Materials and Methods

Participants

The present study is fundamental in terms of purpose and descriptive-cross-sectional based on the method. In this study, psychological hardiness, patient health, and illness perception are the exogenous, endogenous, and mediator variables. The study’s statistical population included Covid-19 survived patients in Qom, who were purposively selected from April 1 to 13, 2020. This city is located in central Iran, and the first cases of Covid-19 were reported there. Mueller’s (1996) method was used to determine the sample size for the structural equation modeling based on the expected average effect size, the statistical power of 0.80, and 95% confidence level, during which it was determined that the proposed model with 41 free parameters in measurement model, 3 latent variables and 39 indicators requires 205 samples with less than 10% of missing data.
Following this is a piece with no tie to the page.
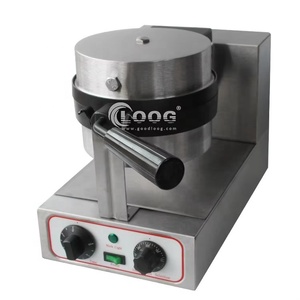 <span class=keywords><strong>Gaufrier</strong></span> électrique commercial <span class=keywords><strong>professionnel</strong></span> pour l'utilisation de restaurant nouvel état-pour la fabrication de gaufrettes - Product Image 2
According to the expert physician, the inclusion criteria were definite infection with Covid-19, living in Qom province, and being over 18 years old. The exclusion criteria were inadequate completion of tests, being under 18 years of age, and the inconclusive diagnosis of coronavirus. These patients were selected by purposive sampling. First, the list of all patients who had a positive coronavirus disease (COVID-19) test results by transcription-polymerase chain reaction (RT-PCR) testing and chest CT scanning and referred to all hospitals in Qom was received from the Headquarters of Administrating coronavirus (located in Qom University of Medical Sciences). Then, to prevent the virus’s spread and cut off the transmission chain, questionnaires were sent electronically through cyberspace (WhatsApp and Telegram messengers) to the selected participants. The links of the posted questionnaires to smartphones were completed by 205 patients and returned to the researcher’s email address. In case of ethical considerations, this study has no intervention or biological sampling from a human. This was a questionnaire-based study; however, all procedures performed in this study were by the ethical standards of the Institutional and/or National Research Committee and with the 2007 Helsinki declaration and its later amendments or comparable ethical standards.12 The tools used in the research are as follows:

Measures

Abridged Hardiness Scale (AHS): The AHS was developed by Kobasa (1982) to measure hardiness. The test consists of 20 four-choice questions (never, rarely, sometimes, and often) and includes three components: commitment, control, and challenge. The minimum and maximum scores in this test are 0 to 60, respectively, and the high score indicates more and higher hardiness. Using Cronbach’s alpha method Kobasa13 reported the reliability of this test as 0.81. Using Cronbach’s alpha method, Zare and Aminpour14 reported the internal consistency reliability for the whole test as 0.91. Using the Varimax rotation, they obtained three main factors from the Persian version of AHS, which was similar to the theoretical concepts proposed by Kobasa.13 In the present study, the internal consistency of AHS was calculated by Cronbach’s alpha coefficient as 0.921.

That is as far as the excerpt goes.